Gratten and his colleagues carefully studied measurements of the mass and movement of 30 stars in the Beta Pictoris Moving Group, a small group of stars about 115 light years away moving together through space. About 20 of the 30 stars could potentially hold a gas giant about the mass of Jupiter in the outer reaches of their star systems (between 3 and 12 times Earth’s distance from the Sun), according to Gratten and his colleagues.

That’s very different from most of the galaxy, where surveys have found that fewer than one in five Sun-like stars have their own version of Jupiter. A key difference seems to be that the Beta Pictoris Moving Group is small, with plenty of space between its stars, unlike other star-forming areas (and the young stellar neighborhoods they evolve into). In other words, cold, distant gas giants like ours may be more common in small, quiet, less-populated groups of stars than they are in the rest of the galaxy.
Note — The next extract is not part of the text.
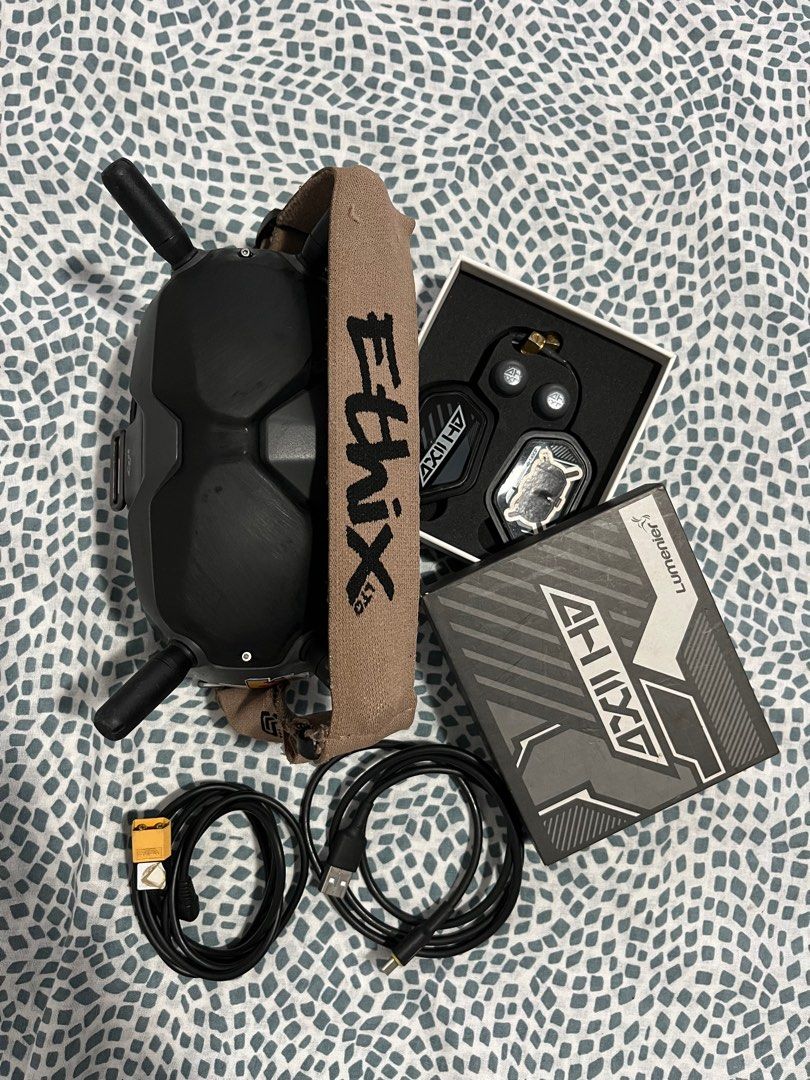 DJI FPV Goggle V1, Hobbies & Toys, Toys & Games on Carousell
“The straight implication of the work is that it is easy to form the Solar System in a quiet environment such as the Beta Pictoris Moving Group,” Gratten tells Inverse.

Gas giants like Jupiter are born in the outer reaches of their star systems, where it’s cold enough for volatile elements to condense easily into balls of ice and gas. Way out there, planets like Jupiter are vulnerable to gravitational nudges, not just from other giant planets but from other stars passing close by. Those nudges can either send the planet wandering inward to become a hot Jupiter or fling it out of the star system altogether.

In other words, solar systems in areas of space with more stars (and less distance between them) may have a hard time forming and keeping their own versions of Jupiter. But Gratten and his colleagues suggest that in less packed, more spread-out stellar neighborhoods like the Beta Pictoris Moving Group, things are quieter, and Jupiters seem to have an easier time forming – and surviving.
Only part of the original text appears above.